(What you should do): Repeat, please, exactly the lines from the one that has "5528 Huckleberry Lane, North Vancouver" through the end of the records below, with pictures dropped.

(Supplied material):
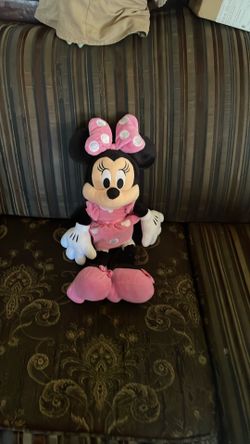 Minnie Mouse plush
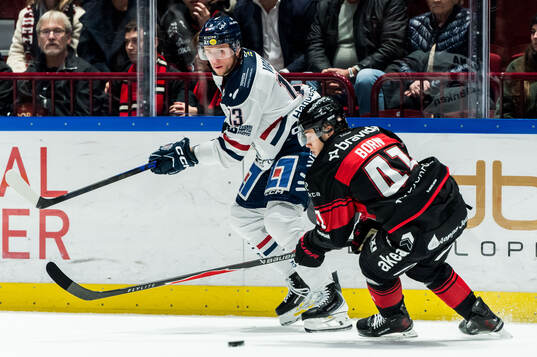 Linköpings Jakub Vrana och Malmö Redhawks Isac Born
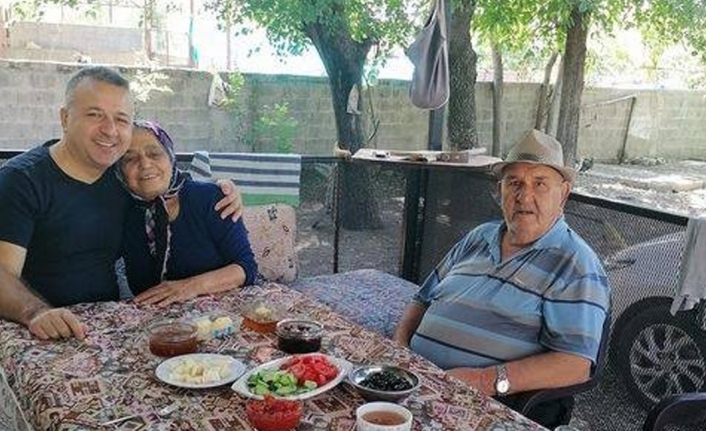 Koronavirüs resmen bir aileyi yok etti!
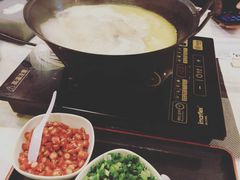 -鲜入围煮花胶鸡海鲜火锅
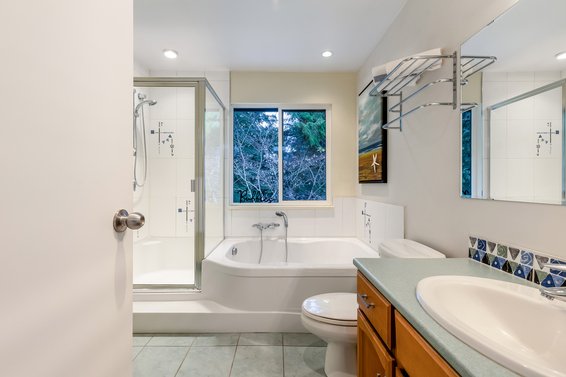 5528 Huckleberry Lane, North Vancouver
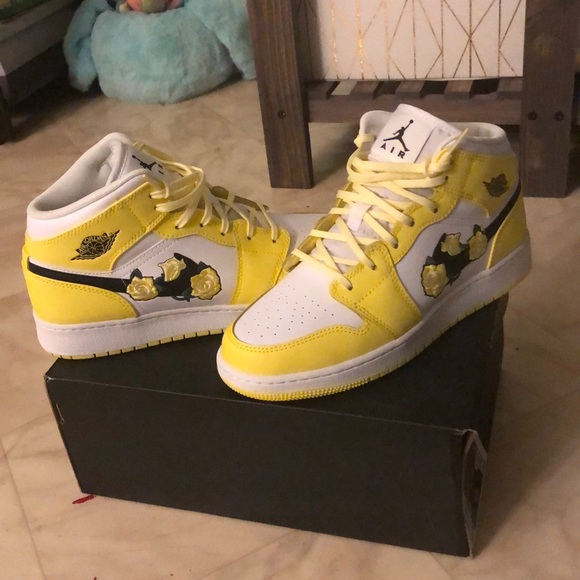 yellow rose 1s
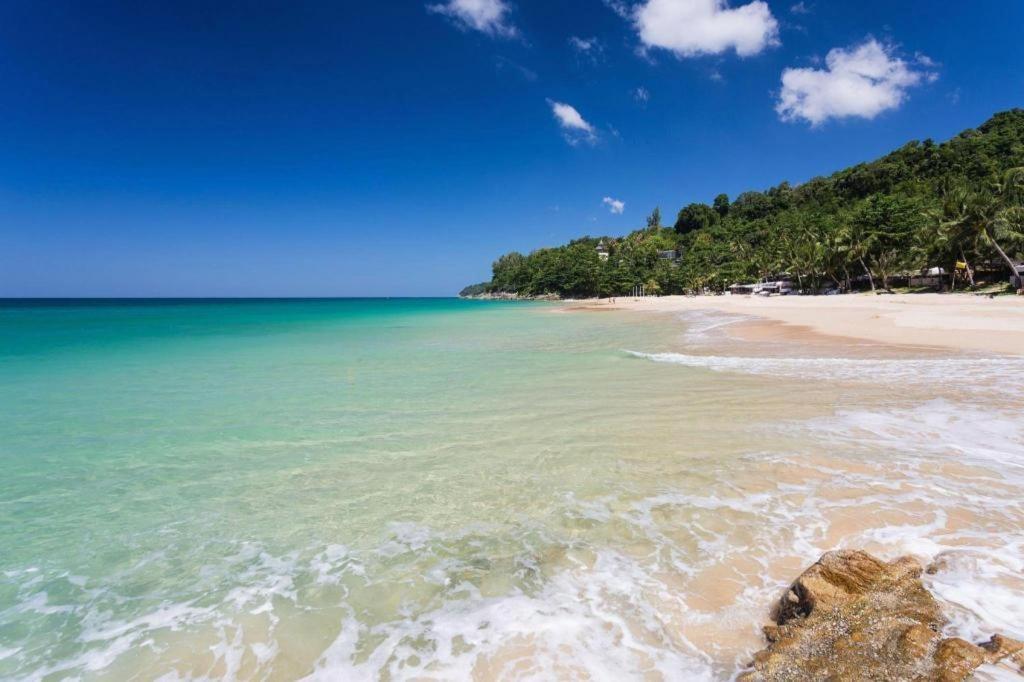 Near (adults Only) * Bang Tao Beach (Phuket)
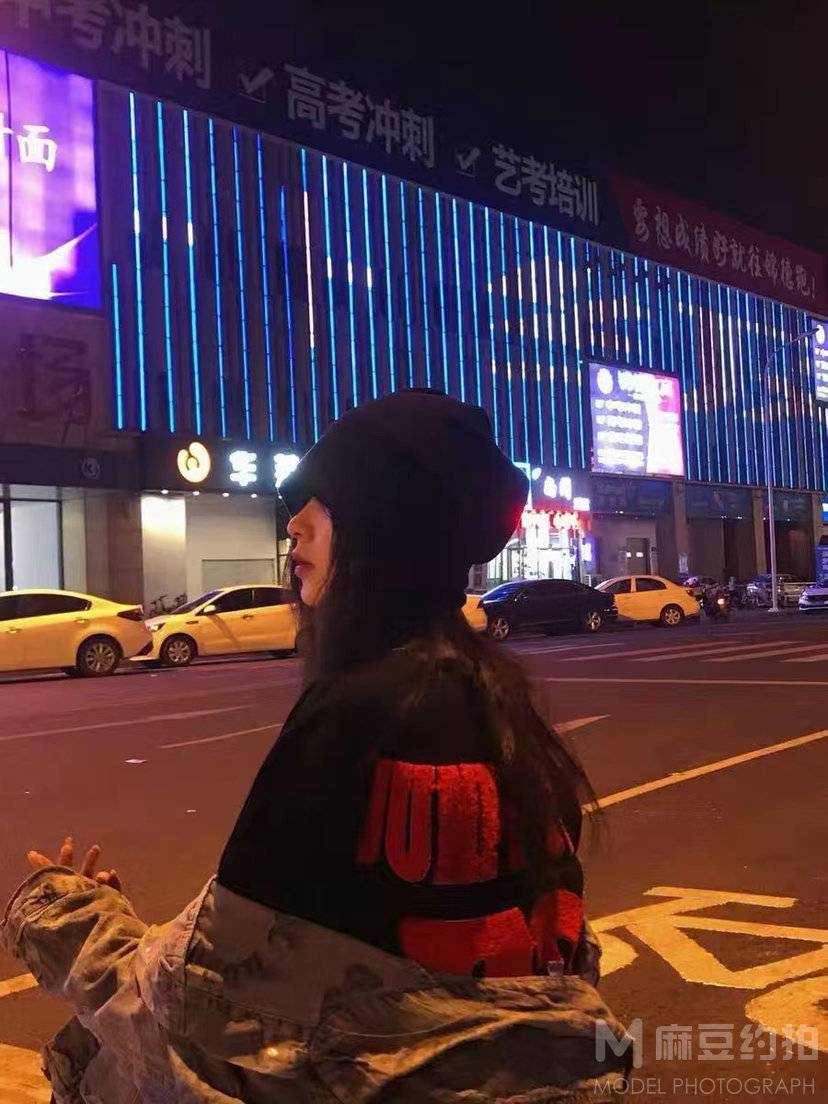 情侣模特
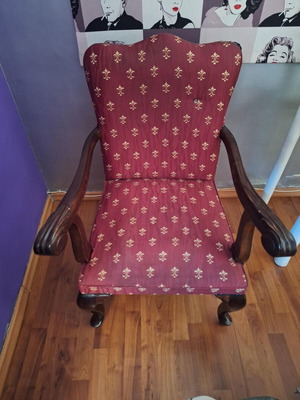 Vintage Chippendale Leg Armchairs like new, solid wood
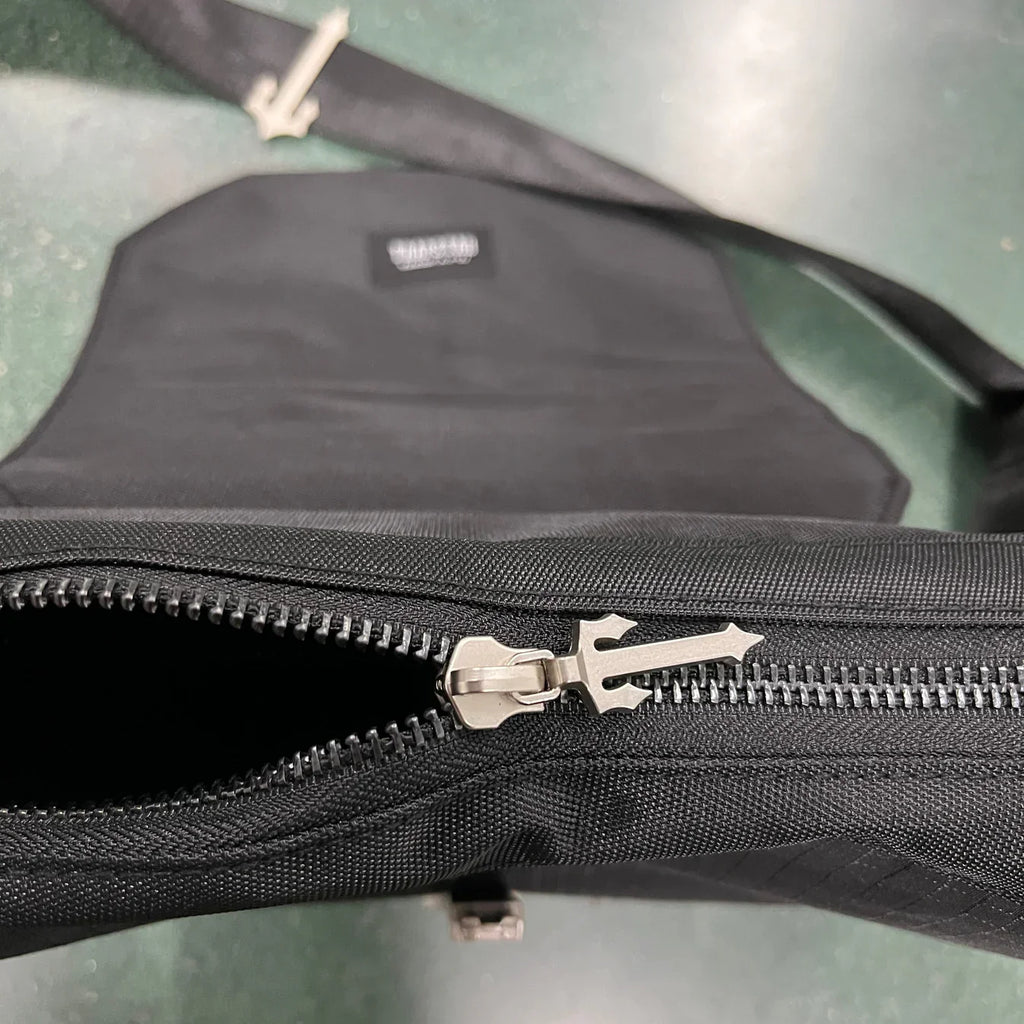Trapstar Cobra T Bag - Black/Reflective Ironleague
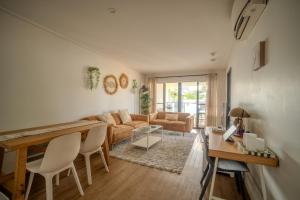 Sleeps 8 Near UQ 10 mins CBD Dual Living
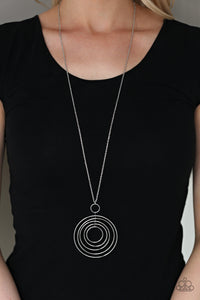 Running Circles In My Mind - Silver Women's Necklace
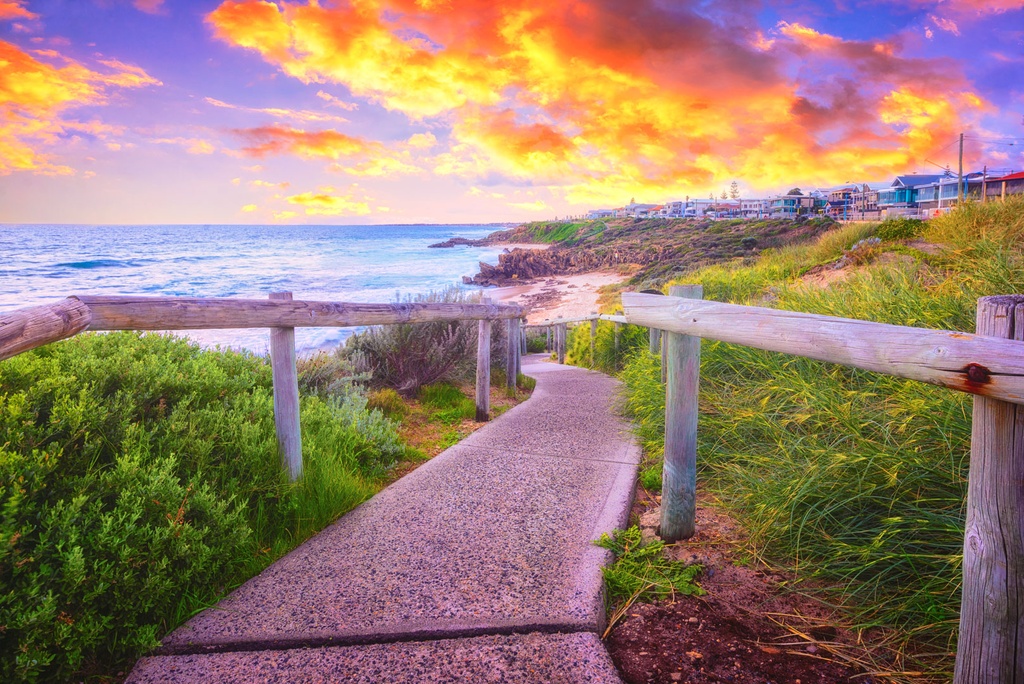 SUN0829 - Bennion Path (Fine Art Print - Rolled, 45cm x 30cm)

(Finished task):
 5528 Huckleberry Lane, North Vancouver
 yellow rose 1s
 Near (adults Only) * Bang Tao Beach (Phuket)
 情侣模特
 Vintage Chippendale Leg Armchairs like new, solid wood
Trapstar Cobra T Bag - Black/Reflective Ironleague
 Sleeps 8 Near UQ 10 mins CBD Dual Living
 Running Circles In My Mind - Silver Women's Necklace
 SUN0829 - Bennion Path (Fine Art Print - Rolled, 45cm x 30cm)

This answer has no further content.